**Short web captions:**
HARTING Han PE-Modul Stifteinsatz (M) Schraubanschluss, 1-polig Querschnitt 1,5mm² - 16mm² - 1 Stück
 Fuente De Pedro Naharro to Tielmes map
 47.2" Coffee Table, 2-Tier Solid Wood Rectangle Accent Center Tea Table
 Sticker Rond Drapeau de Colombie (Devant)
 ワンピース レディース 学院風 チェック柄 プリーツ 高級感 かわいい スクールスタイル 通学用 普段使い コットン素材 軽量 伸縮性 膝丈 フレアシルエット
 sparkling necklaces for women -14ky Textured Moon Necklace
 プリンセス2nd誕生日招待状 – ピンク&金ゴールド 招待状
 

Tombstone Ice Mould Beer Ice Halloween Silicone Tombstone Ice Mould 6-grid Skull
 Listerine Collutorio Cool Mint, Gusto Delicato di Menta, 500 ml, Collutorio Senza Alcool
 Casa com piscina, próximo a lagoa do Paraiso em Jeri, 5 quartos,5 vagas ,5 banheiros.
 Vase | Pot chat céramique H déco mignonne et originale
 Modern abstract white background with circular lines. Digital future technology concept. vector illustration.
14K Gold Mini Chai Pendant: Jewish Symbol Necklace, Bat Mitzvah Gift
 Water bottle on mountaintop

**TRY IT:** What you should produce is an exact retyping of every line above.

**RESULT FOR THIS EXERCISE:**
HARTING Han PE-Modul Stifteinsatz (M) Schraubanschluss, 1-polig Querschnitt 1,5mm² - 16mm² - 1 Stück
 Fuente De Pedro Naharro to Tielmes map
 47.2" Coffee Table, 2-Tier Solid Wood Rectangle Accent Center Tea Table
 Sticker Rond Drapeau de Colombie (Devant)
 ワンピース レディース 学院風 チェック柄 プリーツ 高級感 かわいい スクールスタイル 通学用 普段使い コットン素材 軽量 伸縮性 膝丈 フレアシルエット
 sparkling necklaces for women -14ky Textured Moon Necklace
 プリンセス2nd誕生日招待状 – ピンク&金ゴールド 招待状
 

Tombstone Ice Mould Beer Ice Halloween Silicone Tombstone Ice Mould 6-grid Skull
 Listerine Collutorio Cool Mint, Gusto Delicato di Menta, 500 ml, Collutorio Senza Alcool
 Casa com piscina, próximo a lagoa do Paraiso em Jeri, 5 quartos,5 vagas ,5 banheiros.
 Vase | Pot chat céramique H déco mignonne et originale
 Modern abstract white background with circular lines. Digital future technology concept. vector illustration.
14K Gold Mini Chai Pendant: Jewish Symbol Necklace, Bat Mitzvah Gift
 Water bottle on mountaintop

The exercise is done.